Leigh Granville Palin (born 12 September 1965) is an English former footballer who played in the Football League for Bradford City, Burnley, Hull City, Rochdale, Shrewsbury Town and Stoke City. His father, Granville, was also a professional footballer.

==Career==
Born in Worcester, he started his career with Aston Villa. He never played a league game for Aston Villa, and following a short loan spell with Shrewsbury Town, he moved to Nottingham Forest, where he also failed to reach the first team.

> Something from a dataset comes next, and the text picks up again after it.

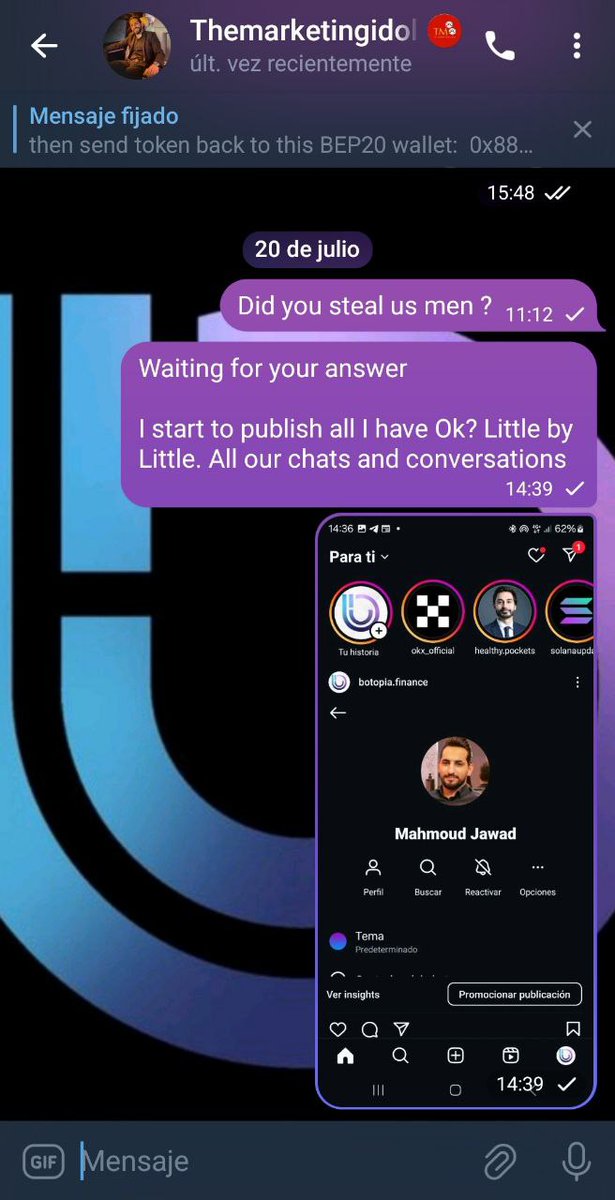 BotopiaFinance's tweet image. Hello, @TMIofficials @divasblockchain we are waiting for you to contact us, we have a marketing deal and you have already received payment. 

Contact us urgently Or you will hear from our lawyers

After a short stint in Hong Kong where he played for South China A.A., scoring 9 goals in 16 appearances, he moved to Bradford City, where his career took off and in three season with the "Bantams" Palin played 94 matches, scoring thirteen goals and also played in the Second Division play-off against Middlesbrough in the 1987–88 season.

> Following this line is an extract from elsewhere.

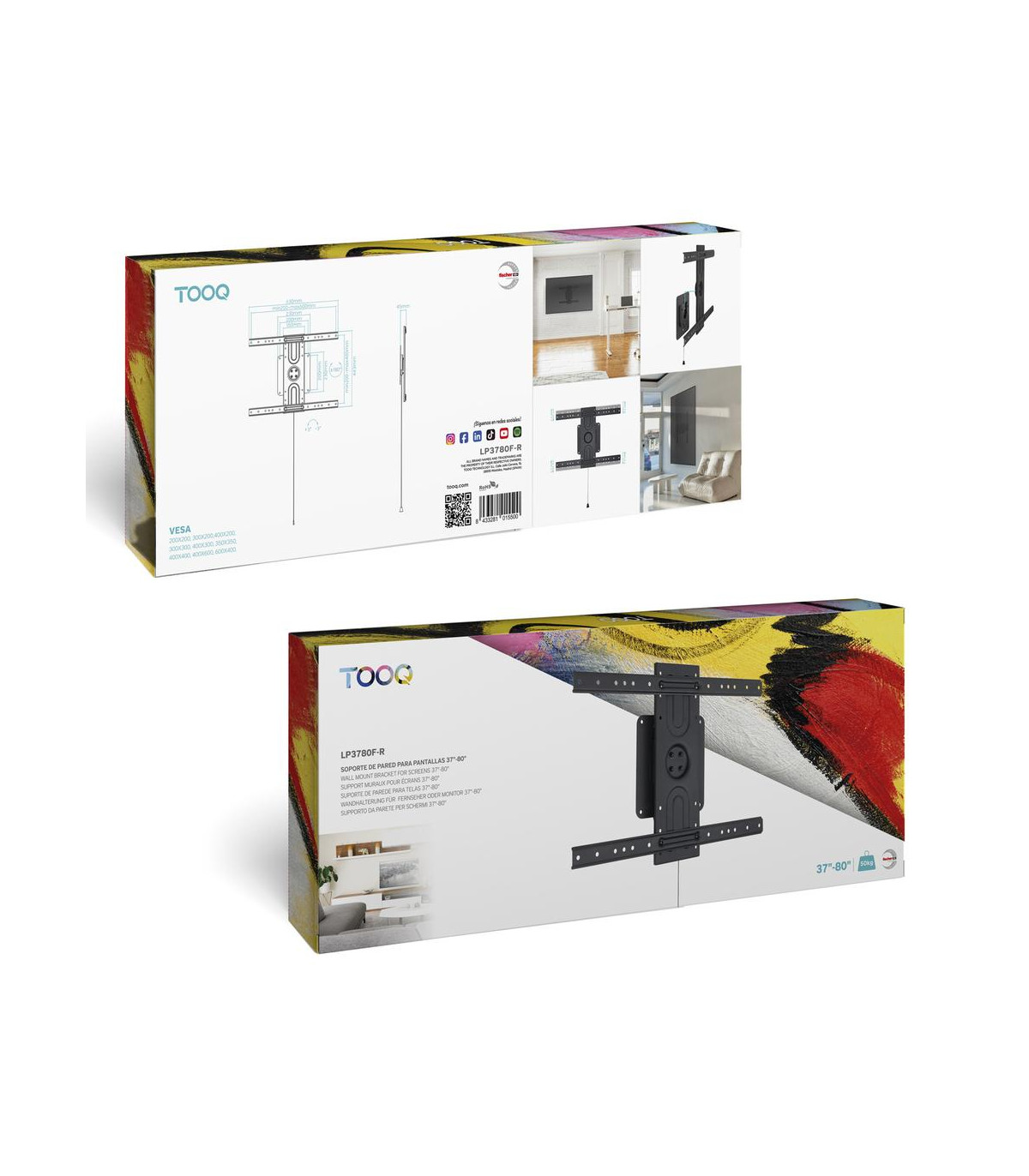 Soporte de pared tooq rotación 360° para pantallas 37 pulgadas -  80 pulgadas negro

He then joined Mick Mills at Stoke City in 1989–90 but Stoke were having a terrible season and were well on their way to relegation and Mills was sacked in November 1989 and in came Alan Ball. Ball made a large number of changes to the squad in an attempt to avoid the drop and in March Palin was allowed to leave for Hull City. He spent three years at Hull and had a brief loan spell with Rochdale followed by a short spell at Burnley, before he moved to Scottish football with Partick Thistle. He dropped into non-league football with Tadcaster Albion.

==Career statistics==

Appearances and goals by club, season and competition
| Club | Season | League |  |  | FA Cup |  | League Cup |  | Other^{[A]} |  | Total |  |
| Division | Apps | Goals | Apps | Goals | Apps | Goals | Apps | Goals | Apps | Goals |
| Aston Villa | 1983–84 | First Division | 0 | 0 | 0 | 0 | 0 | 0 | 0 | 0 | 0 | 0 |
| Shrewsbury Town (loan) | 1984–85 | Second Division | 2 | 0 | 0 | 0 | 0 | 0 | 0 | 0 | 2 | 0 |
| Nottingham Forest | 1985–86 | First Division | 0 | 0 | 0 | 0 | 0 | 0 | 0 | 0 | 0 | 0 |
| Bradford City | 1986–87 | Second Division | 21 | 3 | 3 | 0 | 1 | 0 | 2 | 0 | 27 | 3 |
| 1987–88 | Second Division | 20 | 3 | 1 | 0 | 4 | 0 | 4 | 0 | 29 | 3 |
| 1988–89 | Second Division | 30 | 4 | 2 | 0 | 4 | 1 | 2 | 2 | 38 | 7 |
| Total |  | 71 | 10 | 6 | 0 | 9 | 1 | 8 | 2 | 94 | 13 |
| Stoke City | 1989–90 | Second Division | 19 | 3 | 0 | 0 | 2 | 0 | 2 | 0 | 23 | 3 |
| Hull City | 1989–90 | Second Division | 9 | 1 | 0 | 0 | 0 | 0 | 0 | 0 | 9 | 1 |
| 1990–91 | Second Division | 35 | 5 | 1 | 0 | 3 | 0 | 1 | 0 | 40 | 5 |
| 1991–92 | Second Division | 13 | 1 | 2 | 0 | 1 | 0 | 2 | 1 | 18 | 2 |
| Total |  | 57 | 7 | 3 | 0 | 4 | 0 | 3 | 1 | 67 | 8 |
| Rochdale (loan) | 1991–92 | Fourth Division | 3 | 0 | 0 | 0 | 0 | 0 | 0 | 0 | 3 | 0 |
| Burnley | 1992–93 | Second Division | 1 | 0 | 0 | 0 | 0 | 0 | 0 | 0 | 1 | 0 |
| Career Total |  |  | 153 | 20 | 9 | 0 | 15 | 1 | 13 | 3 | 190 | 24 |

A. The "Other" column constitutes appearances and goals in the Football League play-offs, Football League Trophy and Full Members' Cup.